Reputation: 131435
What do we know about the unrolling capabilities of nvcc when encountering #pragma unroll
directive? How sophisticated is it? Has anyone experimented with more and more complex loop structures to see what it gives up on?
For example,
#pragma unroll
for(int i = 0; i < constexpr_value; i++) { foo(i); }
will surely unroll (up to a rather large trip count, see this answer). What about:
#pragma unroll
for(int i = 0; i < runtime_variable_value and i < constexpr_value; i++) {
foo(i);
}
The loop trip count is not known here, but it has a constant upper bound, and complete unrolling of the loop can be performed, with some conditional jumps.
And then, what about:
template <typename T>
constexpr T simple_min(const T& x, const T& y) { return x < y ? x : y; }
#pragma unroll
for(int i = 0; i < simple_min(runtime_variable_value, constexpr_value); i++) {
foo(i);
}
which should compile to the same thing as the above?
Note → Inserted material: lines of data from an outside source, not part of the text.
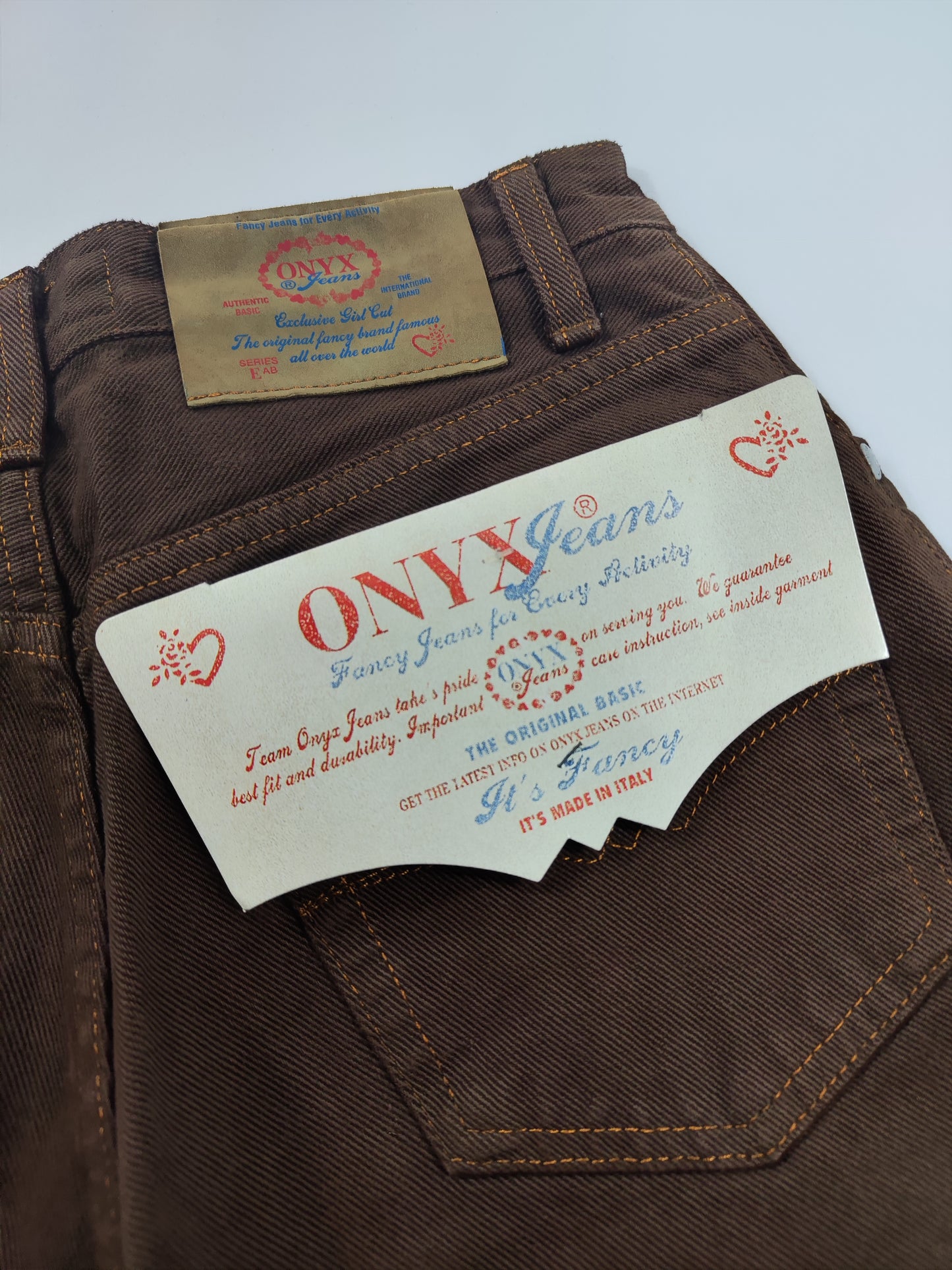 Onyx Deadstock Jeans - XXS/XS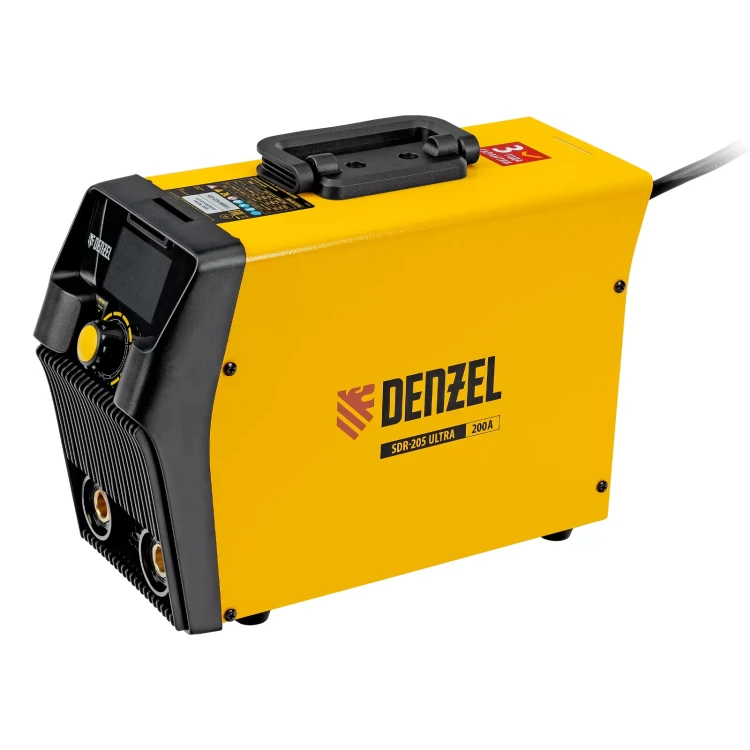 Аппарат инвертор. дуговой сварки Denzel SDR-205 Ultra, 200 А, ПВ 60% 94360 купить в Нижневартовске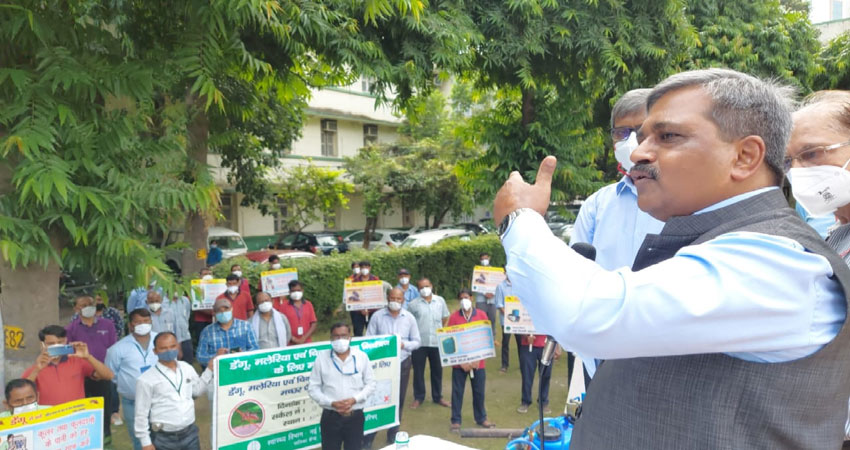 जलजनित रोगों को रोकने के लिए लोग करें एनडीएमसी का सहयोग: सतीश उपाध्याय जलजनित रोगों को रोकने के लिए लोग करें एनडीएमसी का सहयोग: सतीश उपाध्याय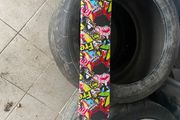 Golf Mk2 boot lid card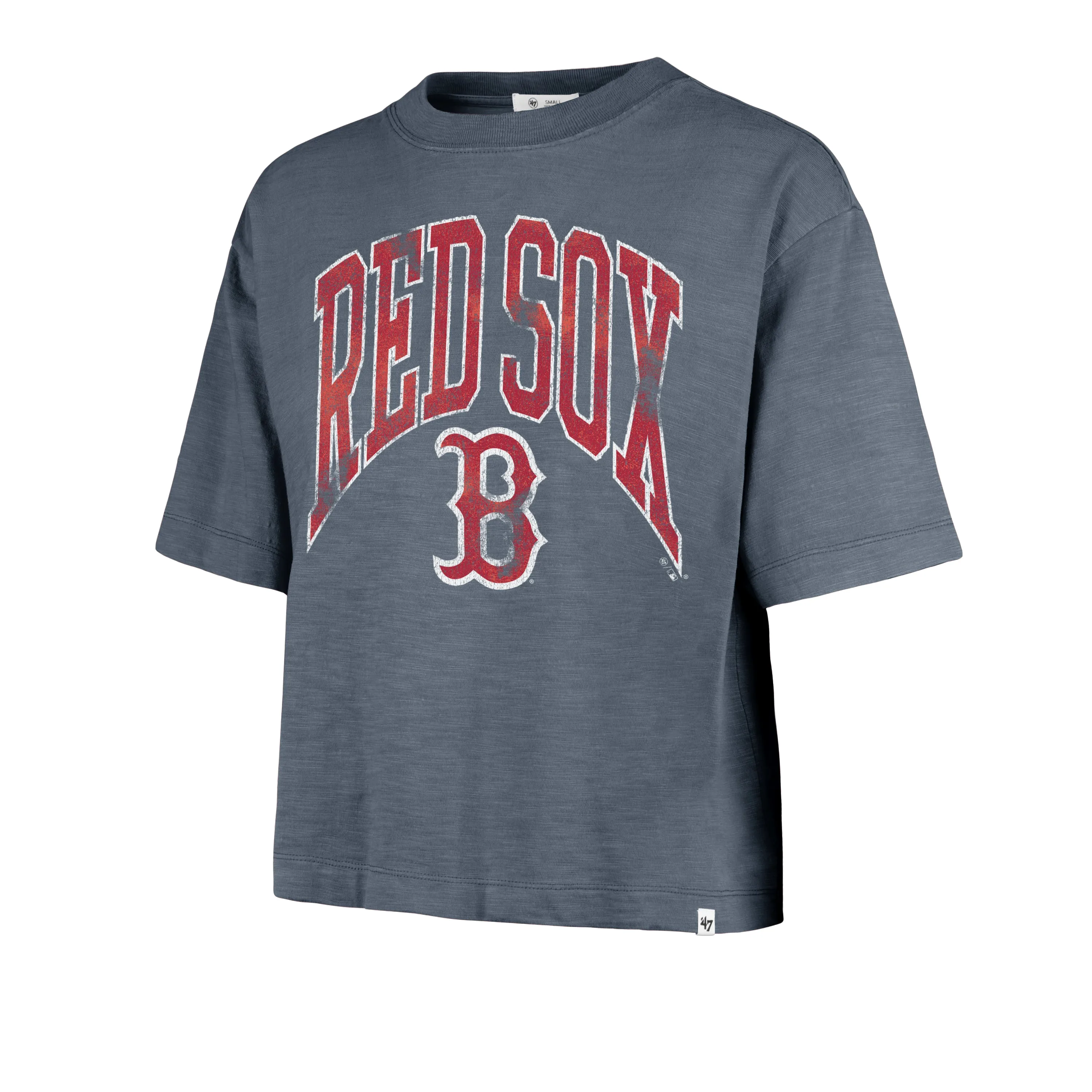 BOSTON RED SOX MINDI HEAVY '47 SLUB CROP TEE WOMENS sold by 47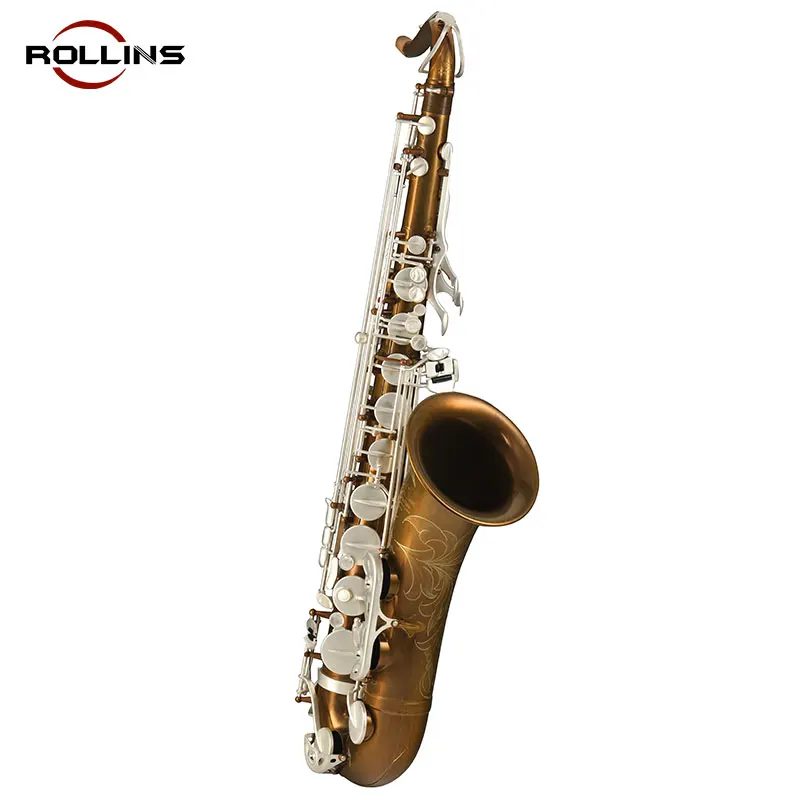 

Professional High Grade Woodwind Instrument RST-X8 Tenor Saxophone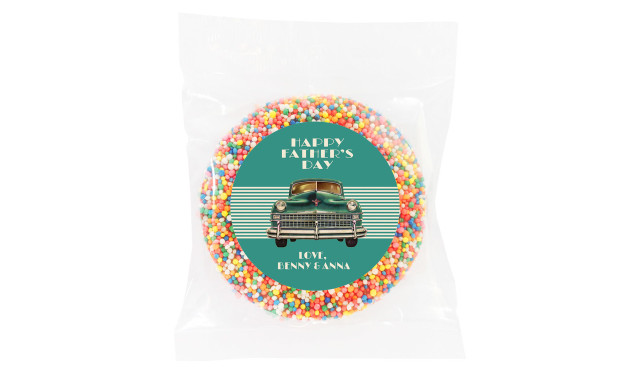 Old Cadillac Father's Day Personalised Giant Freckle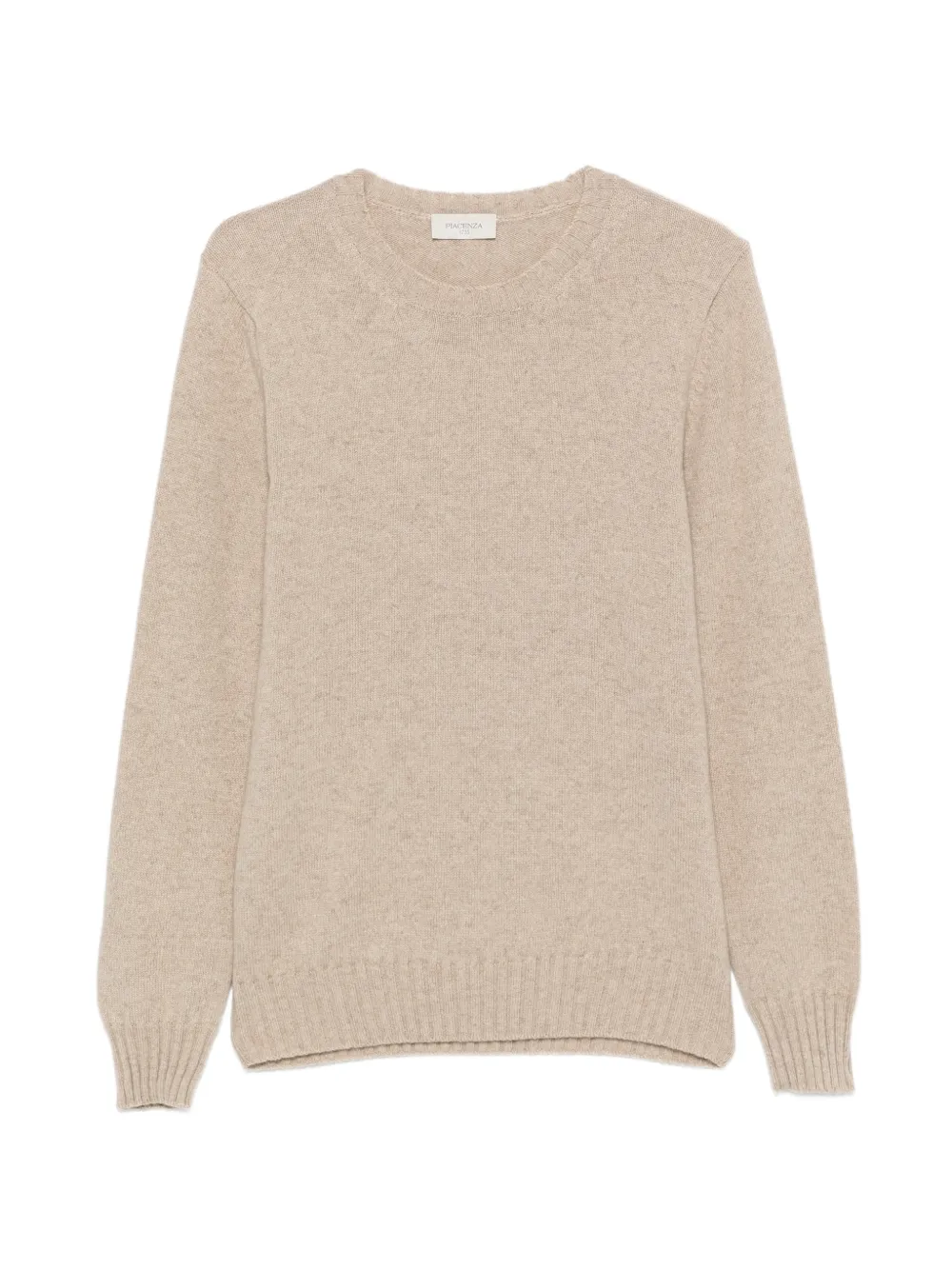 Piacenza Cashmere crew-neck sweater - Neutrals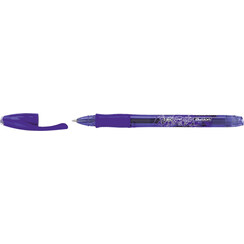 Stylo gel BIC Gel-ocity Illusion Medium bleu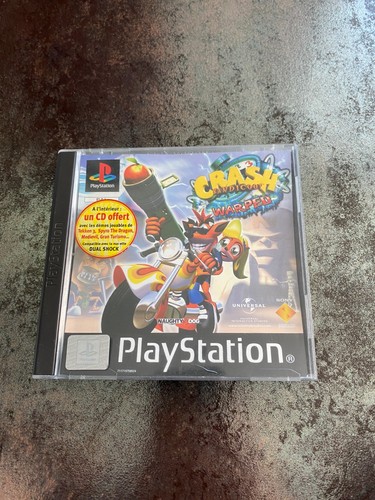 Jeu ps1 crash - ",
Note: If you intend to answer "conduct your own experiments", then - I intend to do that, at least for my example, and look at the PTX if nobody knows the general answer already, in which case I'll partially-answer this question. But I would prefer something more authoritative and based on wider experience.
Upvotes: 1
Views: 1906
Reputation: 72349
The rules of unrolling are extremely simple -- if the compiler cannot deduce the loop trip count as an integral constant value, it will not automatically unroll the loop. In this case it will also emit a warning informing you of this.
If you have code with a non constant loop trip count, you may still be able to force the compiler to unroll by adding an integral constant expression with a value greater than one after the unroll pragma (i.e. #pragma unroll 8
)
All of this is extremely clearly discussed in the relevant section of the documentation.
Upvotes: 2